MIC5319
500mA µCap Ultra-Low Dropout
High PSRR LDO Regulator
MLF and MicroLeadFrame are registered trademarks of Amkor Technology, Inc.
Micrel Inc. • 2180 Fortune Drive • San Jose, CA 95131 • USA • tel +1 (408) 944-0800 • fax + 1 (408) 474-1000 • http://www.micrel.com
General Description
The MIC5319 is a high-performance, 500mA LDO
regulator, offering extremely high PSRR and very-low
noise while consuming low ground current.

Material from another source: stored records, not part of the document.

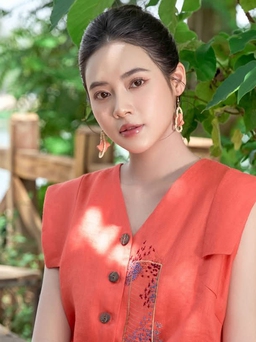 Đẹp từ nhà ra phố với trang phục linen tự nhiên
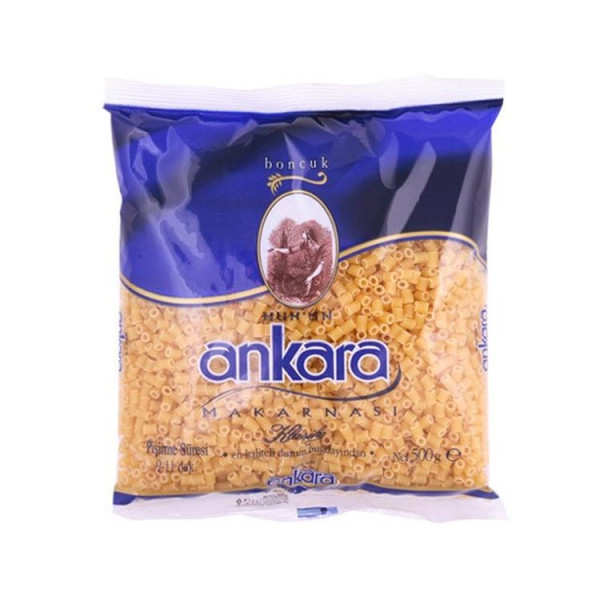 Nuhun Ankara Boncuk  Makarna - Minestrone Nudeln 500 g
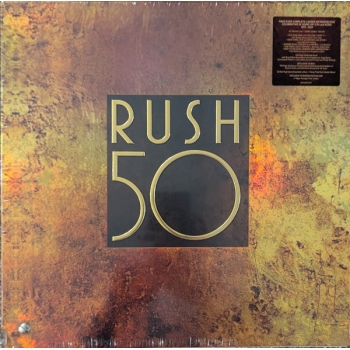 (BOXSET) RUSH - 50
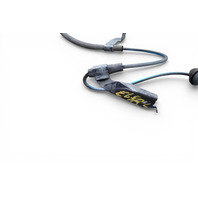 Lexus ES300h 13-15 ABS Brake Wire Sensor, Rear Left/Driver, 89516-33100, E068, OEM, 2013, 2014, 2015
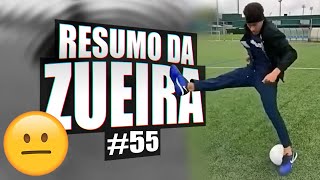 RESUMO DA ZUEIRA 55  NARRADOR DE VIDEOS [upl. by Patricia]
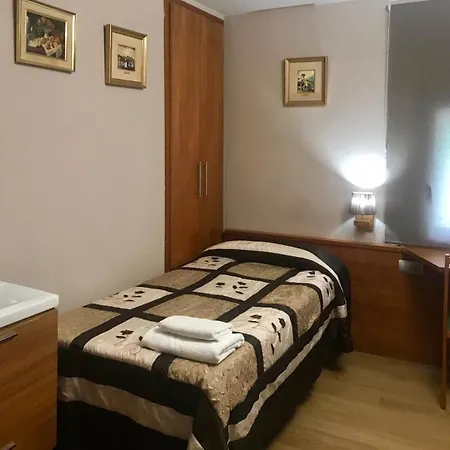 Fonda Galicia Guest house 2*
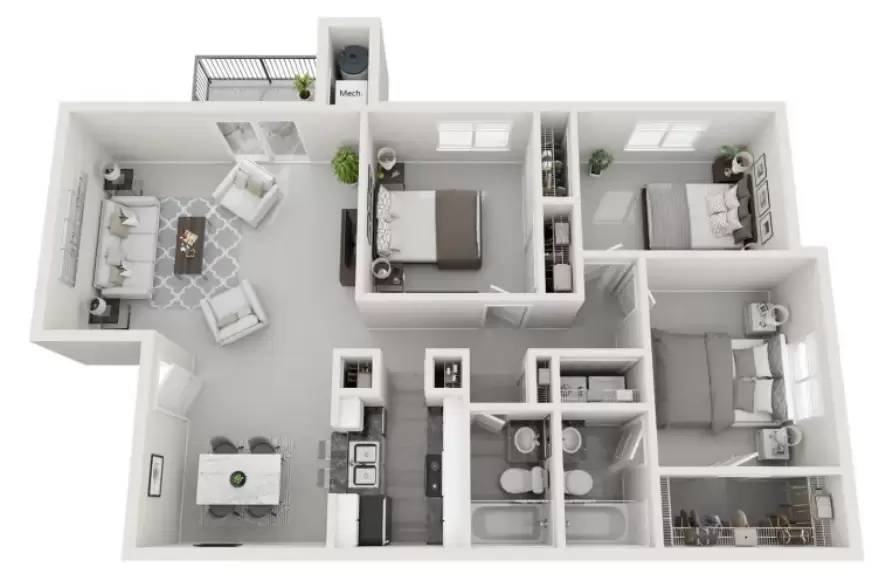 Floor Plan 2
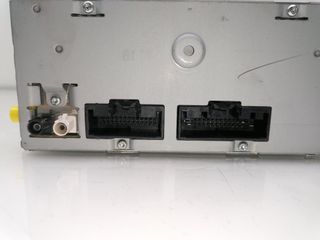 SISTEMA AUDIO / RADIO CD FORD TRANSIT COURIER (4)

Ideal for battery-operated applications, the MIC5319
features 1% accuracy, extremely low-dropout voltage
(200mV @ 500mA), and low ground current at light load
(typically 90µA). Equipped with a logic-compatible enable
pin, the MIC5319 can be put into a zero-off-mode current
state, drawing no current when disabled.
The MIC5319 is a µCap design operating with very-small
ceramic output capacitors for stability, thereby reducing
required board space and component cost.
The MIC5319 is available in fixed-output voltages and
adjustable output voltages in the super-compact 2mm x
2mm MLF® leadless package and thin SOT-23-5 package.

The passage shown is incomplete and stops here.